(Data records):
▼
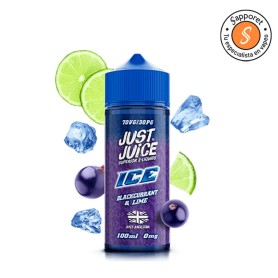 Blackcurrant Lime Ice 100ml - Just Juice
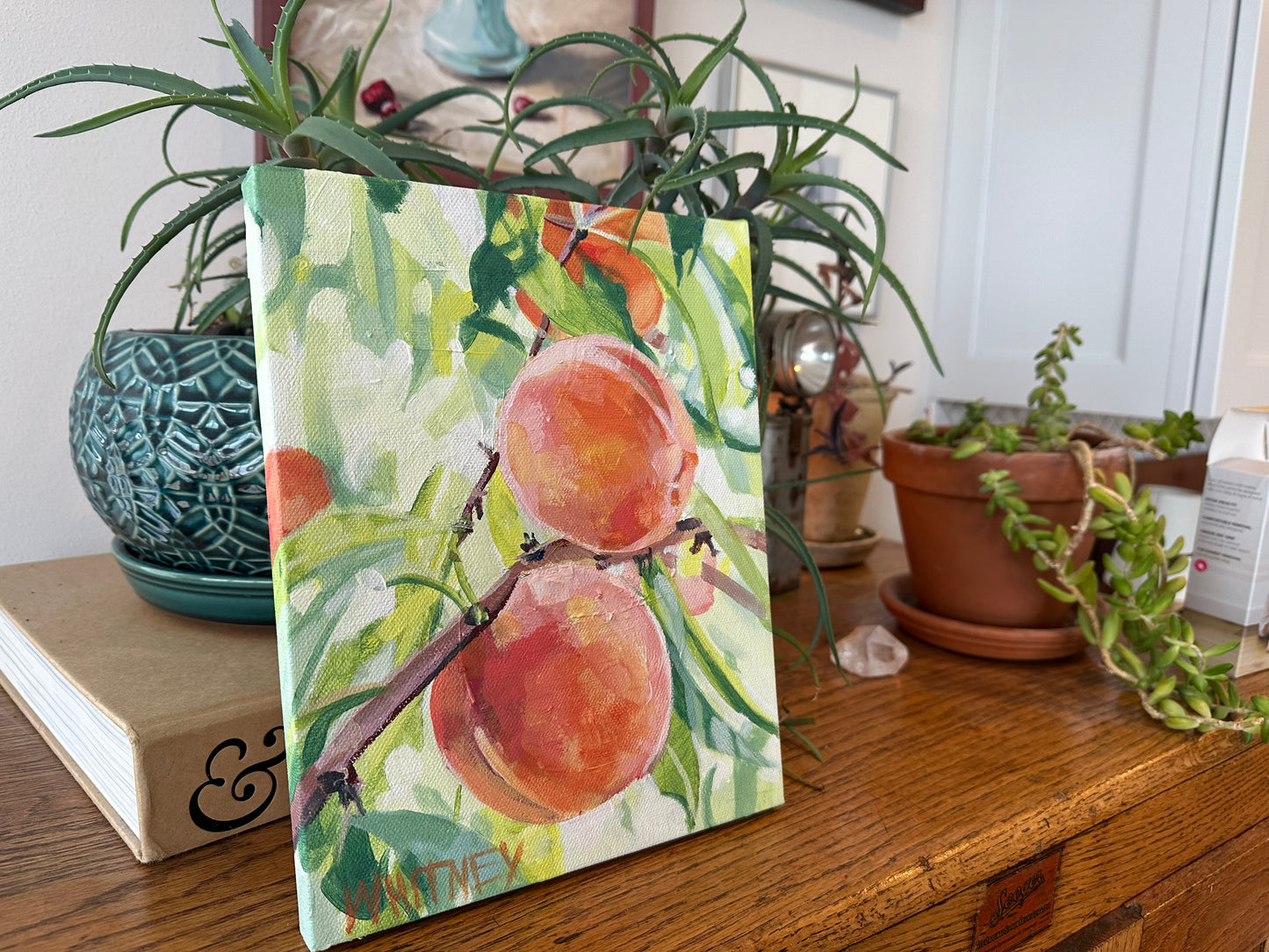 Sun Drenched - 8x10”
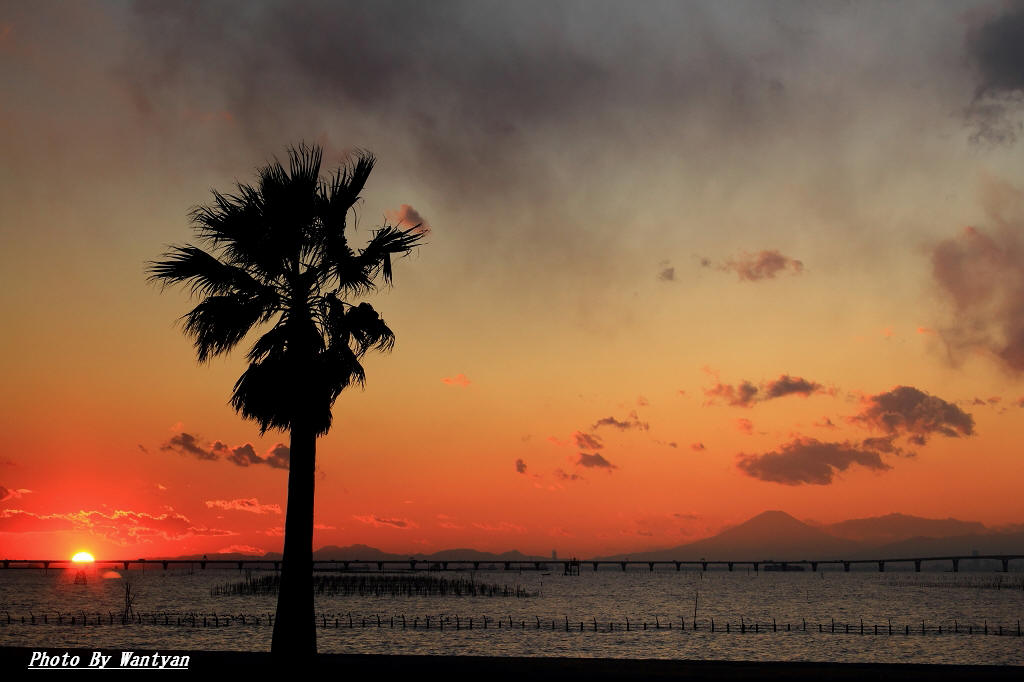 袖ヶ浦海浜公園からの夕景　　　2012－03－12　更新_e0229455_0204570.jpg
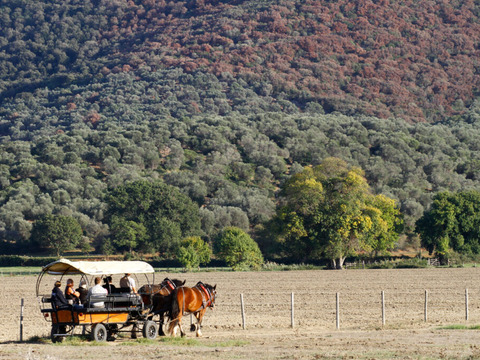 Pasqua per single in Maremma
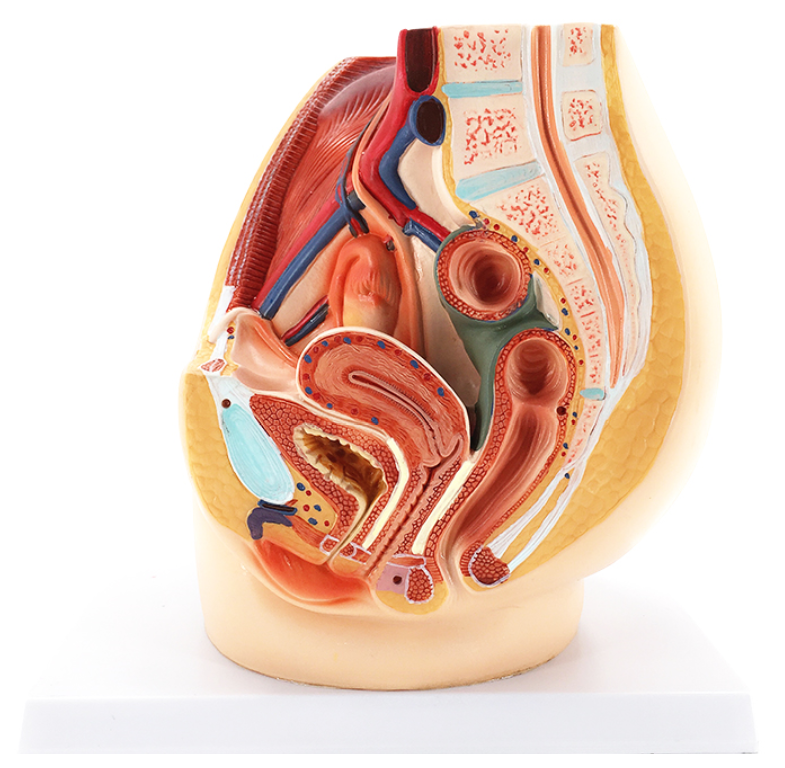 男性矢状解剖模型男性生殖器解剖 女性盆腔正中矢状切面 男性矢状解剖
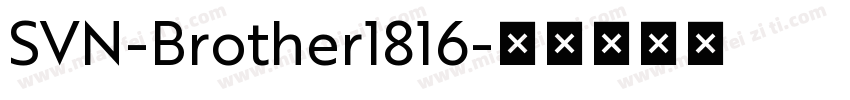 SVN-Brother1816字体转换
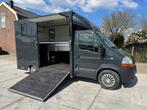 Renault Master 2 paards paardenwagen, Dieren en Toebehoren, Paarden en Pony's | Trailers en Aanhangwagens, Ophalen, Gebruikt, 2-paards trailer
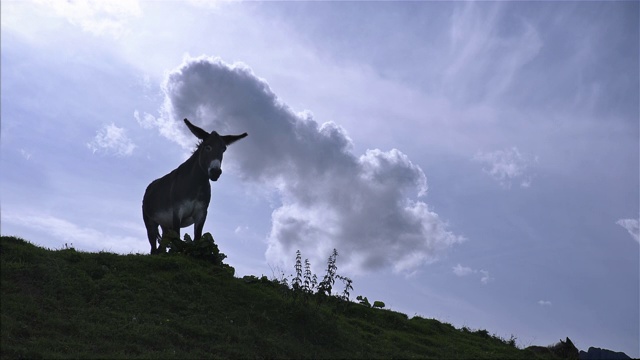 高山草地上的驴子。意大利-多洛米特，圣佩莱格里诺山口视频下载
▲
I would like you to retype exactly the lines running from the one containing "Renault Master 2" to the last line of the entries, both included, leaving all pictures out.

 Renault Master 2 paards paardenwagen, Dieren en Toebehoren, Paarden en Pony's | Trailers en Aanhangwagens, Ophalen, Gebruikt, 2-paards trailer
 高山草地上的驴子。意大利-多洛米特，圣佩莱格里诺山口视频下载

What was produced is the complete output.